Through my research I want to be an advocate for this type of medicine, to help educate people about it, and to provide a venue for contemporary Siddha Vaidyas (doctors) to define their field and scope of practice and to   communicate their experience to multiple audiences, including the biomedical community. I plan to create an online forum, where there will be a number of ongoing discourses on topics that the Siddha Vaidyas consider relevant. This Web site will also be a hub for research and other information that people can access freely to learn about Siddha medicine.

How did you become interested in and involved with field work and research in this subject?
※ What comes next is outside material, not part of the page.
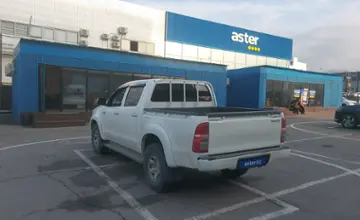 Toyota Hilux 2013 года за 9 500 000 тг. в Алматы фото 4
Before I came to CIIS I was living and working in South Asia for about 16 months. During that time I visited many shrines sacred to the Siddha tradition and came into contact with various Siddha Vaidyas (doctors). In particular, my teacher in Sri Lanka was a well-known healer on the island and had studied many traditions of healing. His relationship to the plant world was incredible, and his ability to apply his knowledge was astounding. I witnessed his work over a number of months and still do not understand everything I saw. I was particularly struck by my teacher's willingness to be integrative—to go to Western medicine when necessary and support that healing with his own regimen and systems. Most of all, it was his broad understanding of health and all of its various aspects, including the physical, emotional, psychological, spiritual, and other elements that really inspired my interest in the Siddha system.

What relevance do you think your work has for us today? What is its relevance to the field of integrative health?

Some of the greatest losses we have suffered in health care are the understanding of the power of intention and prayer, and the use of an organic biodynamic pharmacopoeia. Also, as a yoga teacher, I am drawn to the Siddha tradition's use of various yoga practices to sustain health in a preventive way, which is ultimately the most cost-effective approach to promoting longevity and quality of life. Ideally my work will be used to help people right away—to teach them how to breathe deeply, to relax, all the basic things that are crucial in maintaining health. Because of our lifestyles, these types of practices are more useful than ever before and are becoming increasingly popular. Within the health care system there is a movement toward the more cost-effective methods of education and prevention, and systems like Siddha medicine and yoga were designed specifically with those purposes in mind. The biomedical model and these other systems have a great deal to learn from each other. They're already in the process of dialogue, negotiation and collaboration, and I would like to ensure that it's a mutually beneficial exchange.

What are your plans after you graduate from CIIS?

After I graduate I would like to develop an integrative medicine clinic that specializes in Ayurveda and Siddha medicine. My dream is to have a center where these modalities, as well as yoga therapy, are available to people in a more affordable format other than a spa or treatment center. I am also interested in studying and working in Europe, to understand how its health systems operate and how they might inform and improve health care here in the United States. There are a couple of study-abroad programs that I would like to work for, specifically those that are oriented toward public health, medical anthropology, and integrative medicine. Eventually I would like to return to South Asia, preferably Sri Lanka, with a Fulbright and continue my study with my teacher there, and try to understand their model of integrative medicine.